If you discover a security vulnerability in Zvision-OS, please do not open a public GitHub issue.
Instead, report it privately:
Email: zvisionforb2b@gmail.com
Subject: [SECURITY] Brief description
Include:
- Description of the vulnerability
- Steps to reproduce
- Potential impact
- Suggested fix (optional)
We will respond within 48 hours and keep you updated as we address the issue.

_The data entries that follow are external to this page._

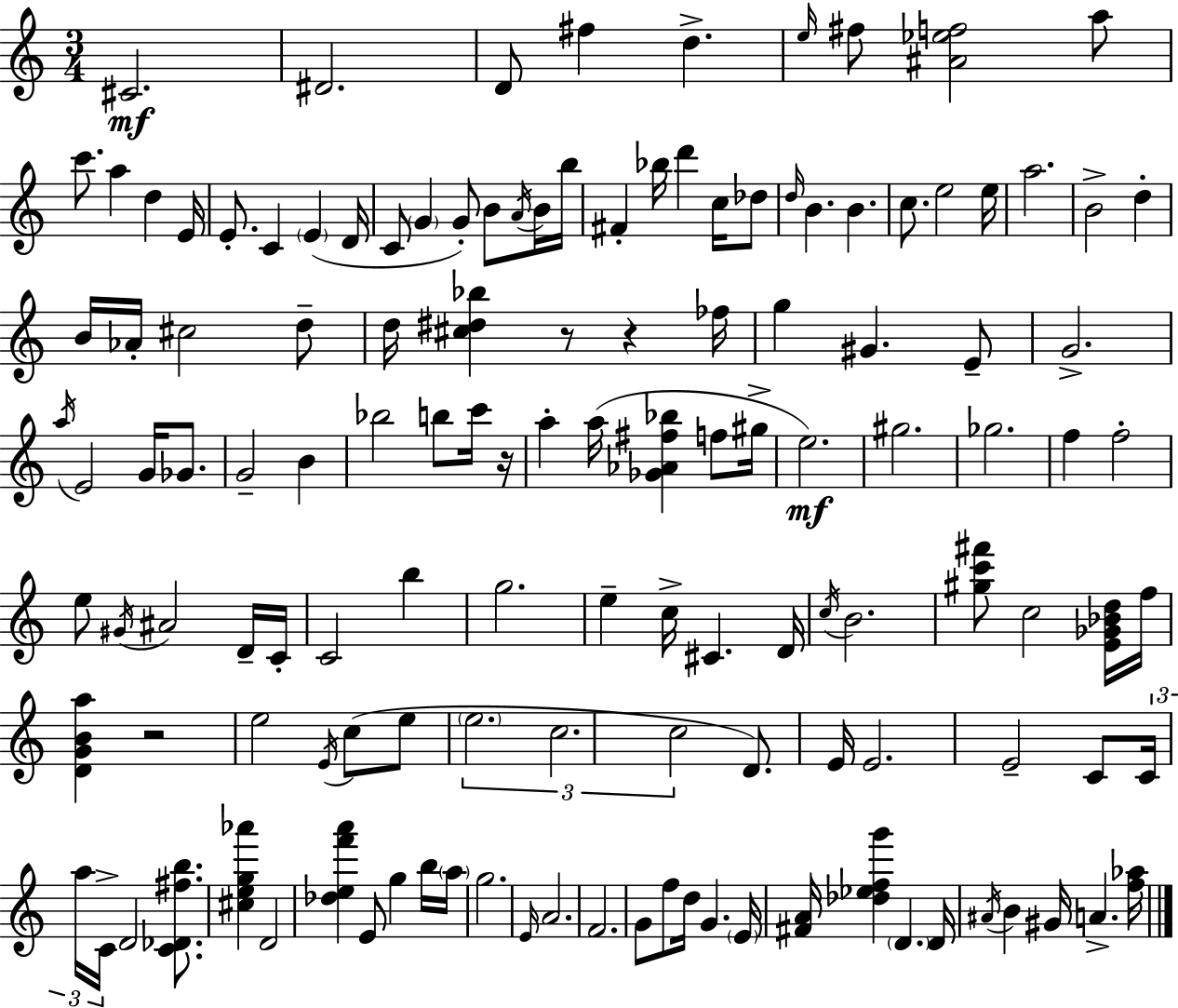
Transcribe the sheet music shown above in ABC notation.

X:1
T:Untitled
M:3/4
L:1/4
K:Am
^C2 ^D2 D/2 ^f d e/4 ^f/2 [^A_ef]2 a/2 c'/2 a d E/4 E/2 C E D/4 C/2 G G/2 B/2 A/4 B/4 b/4 ^F _b/4 d' c/4 _d/2 d/4 B B c/2 e2 e/4 a2 B2 d B/4 _A/4 ^c2 d/2 d/4 [^c^d_b] z/2 z _f/4 g ^G E/2 G2 a/4 E2 G/4 _G/2 G2 B _b2 b/2 c'/4 z/4 a a/4 [_G_A^f_b] f/2 ^g/4 e2 ^g2 _g2 f f2 e/2 ^G/4 ^A2 D/4 C/4 C2 b g2 e c/4 ^C D/4 c/4 B2 [^gc'^f']/2 c2 [E_G_Bd]/4 f/4 [DGBa] z2 e2 E/4 c/2 e/2 e2 c2 c2 D/2 E/4 E2 E2 C/2 C/4 a/4 C/4 D2 [C_D^fb]/2 [^ceg_a'] D2 [_def'a'] E/2 g b/4 a/4 g2 E/4 A2 F2 G/2 f/2 d/4 G E/4 [^FA]/4 [_d_efg'] D D/4 ^A/4 B ^G/4 A [f_a]/4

| In Scope | Out of Scope |
|---|---|
| Agent prompt injection vulnerabilities | Third-party MCP servers |
| Hook system bypass | Obsidian plugin security |
| Credential handling in templates/examples | Evolution API (third-party) |
| Sensitive data exposure in committed files | OpenRouter/LLM providers |
- Never commit
.mcp.json— it contains your API keys (already in.gitignore) - Never commit
.env— same reason - Use
.mcp.json.exampleas a template with placeholder values only - Rotate API keys periodically and immediately after any suspected exposure
Zvision-OS includes a pre-commit hook (.claude/hooks/token-guardian.js) that automatically blocks commits containing hardcoded secrets matching known patterns (GitHub tokens, API keys, etc.).
The following files are gitignored by default and must never be force-added:
.env
.mcp.json
.mcp.json.local
.paperclip/
| Version | Supported |
|---|---|
| Latest (main) | Yes |
| Older releases | No — please update to main |
We thank security researchers who responsibly disclose vulnerabilities to help keep Zvision-OS safe for everyone.